• [REQUIRED WORK]:
Would you please repeat the material exactly, from the first line to the last?

________________

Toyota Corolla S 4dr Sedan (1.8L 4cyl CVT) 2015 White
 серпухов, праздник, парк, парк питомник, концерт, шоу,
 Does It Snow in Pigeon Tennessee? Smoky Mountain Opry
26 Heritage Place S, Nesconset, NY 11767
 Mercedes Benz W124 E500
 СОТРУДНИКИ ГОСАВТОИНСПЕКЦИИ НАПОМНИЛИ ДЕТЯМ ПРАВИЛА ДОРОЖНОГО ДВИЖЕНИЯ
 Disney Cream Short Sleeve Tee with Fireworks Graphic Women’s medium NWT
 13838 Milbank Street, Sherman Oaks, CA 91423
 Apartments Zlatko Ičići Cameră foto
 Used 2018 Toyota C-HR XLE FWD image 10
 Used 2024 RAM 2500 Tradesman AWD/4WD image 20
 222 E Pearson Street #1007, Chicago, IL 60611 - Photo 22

________________

• [ANSWER BOX]:
Toyota Corolla S 4dr Sedan (1.8L 4cyl CVT) 2015 White
 серпухов, праздник, парк, парк питомник, концерт, шоу,
 Does It Snow in Pigeon Tennessee? Smoky Mountain Opry
26 Heritage Place S, Nesconset, NY 11767
 Mercedes Benz W124 E500
 СОТРУДНИКИ ГОСАВТОИНСПЕКЦИИ НАПОМНИЛИ ДЕТЯМ ПРАВИЛА ДОРОЖНОГО ДВИЖЕНИЯ
 Disney Cream Short Sleeve Tee with Fireworks Graphic Women’s medium NWT
 13838 Milbank Street, Sherman Oaks, CA 91423
 Apartments Zlatko Ičići Cameră foto
 Used 2018 Toyota C-HR XLE FWD image 10
 Used 2024 RAM 2500 Tradesman AWD/4WD image 20
 222 E Pearson Street #1007, Chicago, IL 60611 - Photo 22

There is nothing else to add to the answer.